Movimento Xingu Vivo e organizações parceiras tiveram diversas reuniões com ministérios e órgãos do governo federal em Brasilia

Ana Laide Soares e Antonia Melo, do Xingu Vivo, explicam impactos de Belo Monte ao presidente do Ibama, Rodrigo Agostinho

Por Verena Glass*

Na última semana, representantes do Movimento Xingu Vivo, acompanhados das organizações parceiras Amazon Watch e International Rivers, de representantes do Conselho Ribeirinho do Xingu e do acampamento Nova Aliança, além do pesquisador da UFPA, Elielson Silva, estiveram em Brasília para conversas estratégicas com os Ministérios do Desenvolvimento Agrário (MDA), dos Direitos Humanos e Cidadania (MDHC) e do Meio Ambiente (MMA), além do Ibama e da Ouvidoria Agrária Nacional, ligada ao Incra. Na pauta, a Volta Grande do Xingu e seu povo

Desde o início das obras de Belo Monte em 2011, a remoção de famílias ribeirinhas de seus territórios, o desmatamento e os conflitos agrários na região se agravaram em curva ascendente. Este quadro se agudizou com a consolidação política do projeto de instalação da mina de ouro canadense Belo Sun sobre comunidades ribeirinhas e o assentamento PA Ressaca na Volta Grande o Xingu, áreas de impacto direto de Belo Monte, e atingiu nível crítico de tensão nos últimos anos do governo Bolsonaro.

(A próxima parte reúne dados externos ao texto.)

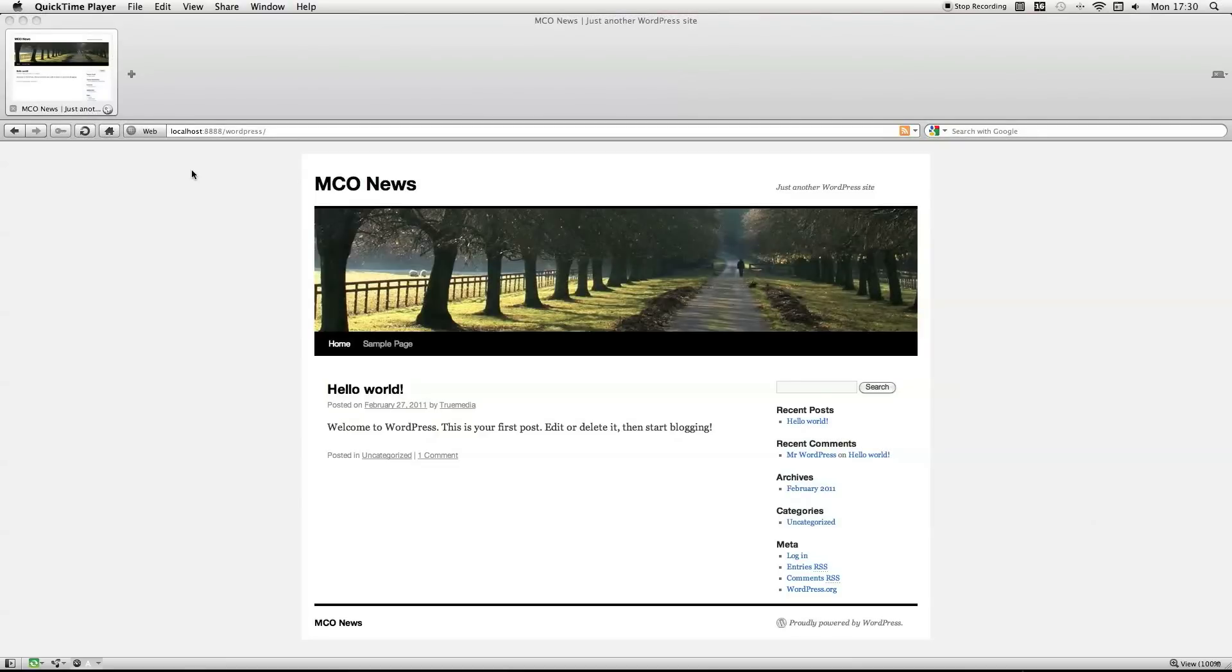Alright, this is the first WordPress Develop A Plugin From Scratch tutorial. I decided to do this because I couldn't find any tutorial on the WordPress 3.0 or 3.1.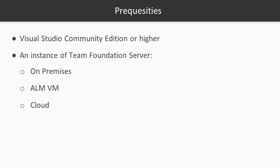And lastly, an instance of TFS that you can work with, whether it be on-premises, a cloud version, or the ALM VM, which is available. The ALM VM is created by Microsoft. It's a freely downloadable VM that's available in a Hyper-V image that you can mount and work with. One of those three will help you out.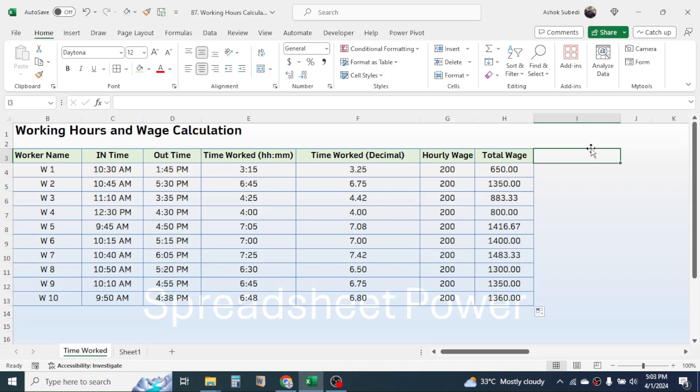So this is the way of calculating time worked in decimal format and the total wage in Microsoft Excel. Thanks for watching — we will meet again in the next video tutorial.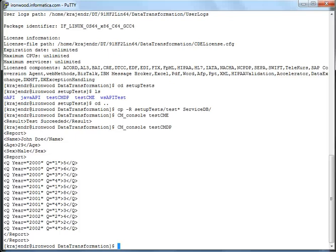You can see the result of testCMDPX project. So basically, both these projects had one point. testCMDP is a very simple project. testCMDPX is a more complex project which uses the Java and preprocessors. So testing both along with the cm_console -V command basically tells us that the B2B data transformation installation has gone through successfully.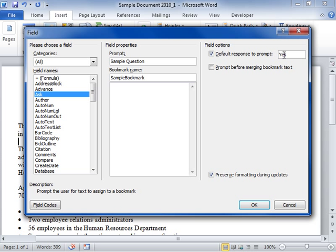To apply the same response to all the records in a mail merge, select the Prompt Before Merging Bookmark Text checkbox.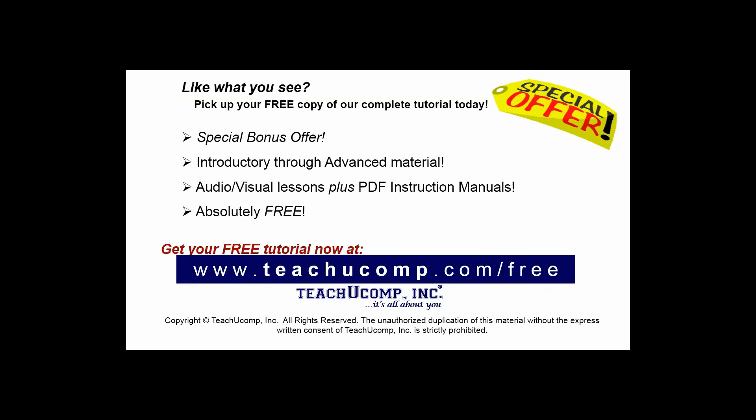Like what you see? Pick up your free copy of the complete tutorial at www.teachucomp.com forward slash free.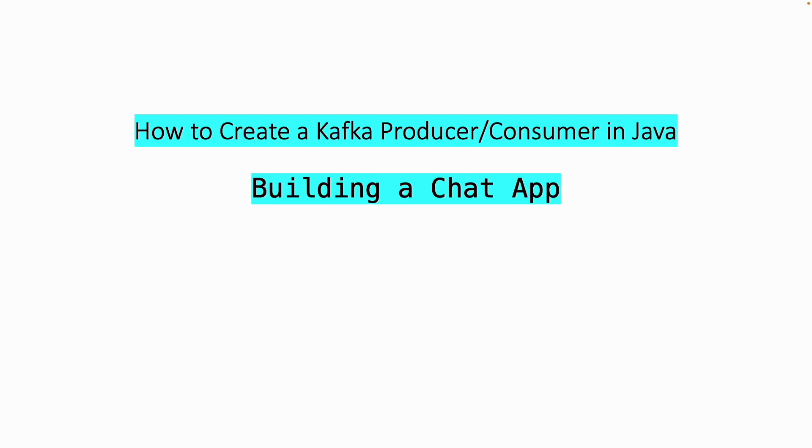Hello and welcome to this video. In today's tutorial I'm going to show you how to create Kafka producer consumer in Java. As a demo we will build a chat application.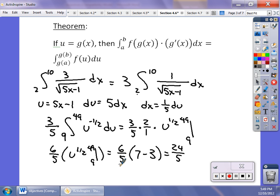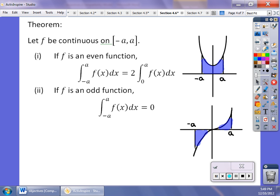A couple of properties that can make your life easier: the integral is the area under the curve bounded by the curve and the x-axis. If you have an even function — symmetrical over the y-axis — and you integrate from −a to a, you can rewrite that as 2 times the integral from 0 to a. If it's an odd function, the area above the x-axis cancels the area below (which is negative), so the result is simply zero. Recognizing these can save you time.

Resumindo o quadro crítico da Volta Grande, em conjunto com as lideranças das comunidades e dos Núcleos Guardiões do Xingu, o movimento Xingu Vivo pontuou os seguintes problemas:

– A mineradora Belo Sun tomou mais de 2.400 hectares de terras públicas, de forma ilegal mas com anuência do Incra, ameaçando os moradores da Vila Ressaca e se apropriando de lotes do PA Ressaca

– Famílias sem terra que, em protesto contra este crime, ocuparam um dos lotes tomados pela mineradora e formaram o Acampamento Nova Aliança, querem negociar o seu assentamento no PA Ressaca

– Os conflitos de terra se agravaram no Pará e é preciso criar uma superintendência do Incra em Altamira

– As famílias ribeirinhas que foram expropriadas por Belo Monte e tiveram o direito de retorno à beira do rio garantido por um acordo firmado entre a Norte Energia, o Ibama e o MPF, ainda aguardam o reassentamento no chamado Território Ribeirinho, condicionante imposta pela Licença de Operação do Ibama e descumprida há sete anos pela Norte Energia

– O chamado hidrograma de consenso da Norte Energia, que chega a desviar 80% das águas da Volta Grande do Xingu para as turbinas de Belo Monte, inviabilizou há mais de 6 anos a reprodução dos peixes, deixando pescadores, ribeirinhos e indígenas em situação de extrema insegurança alimentar e inviabilizando a atividade econômica da pesca

– Os povos tradicionais da Volta Grande do Xingu não foram consultados nem sobre o hidrograma de Belo Monte nem sobre a instalação de Belo Sun, como exige a Convenção 169 da OIT

– Lideranças sociais ameaçadas de morte em função das lutas contra invasores de seus territórios (grileiros, mineradoras e outros) não têm proteção adequada do Estado e seguem em situação de extremo perigo e precariedade

MDA deve priorizar estado do Pará

De acordo com o secretário de Governança Fundiária, Desenvolvimento Territorial e Socioambiental do MDA, Moises Savián, que recebeu a delegação do Xingu na sede do Incra, a situação de conflitos fundiários no Pará é de conhecimento do ministro Paulo Teixeira, que deve visitar o estado e vários assentamentos em situação de maior tensão em meados do mês de abril. Segundo Savián, no entanto, ainda é cedo para discutir a criação de uma superintendência do órgão em Altamira, uma vez que o orçamento geral do Incra sofreu uma diminuição drástica de recursos nos últimos anos. “O que vamos fazer é priorizar a nomeação dos superintendentes do Incra no estado. ”, afirmou

Autor de uma extensa pesquisa sobre a situação fundiária da Volta Grande do Xingu e adjacências, o professor Elielson Silva detalhou os principais problemas das comunidades e assentamentos da região, afetados por programas como o Titula Brasil – que dá aos prefeitos locais poder de regulamentar o uso de terras da União – e pelo assédio de mineradoras como a própria Belo Sun, fazendeiros, grileiros e madeireiros ilegais.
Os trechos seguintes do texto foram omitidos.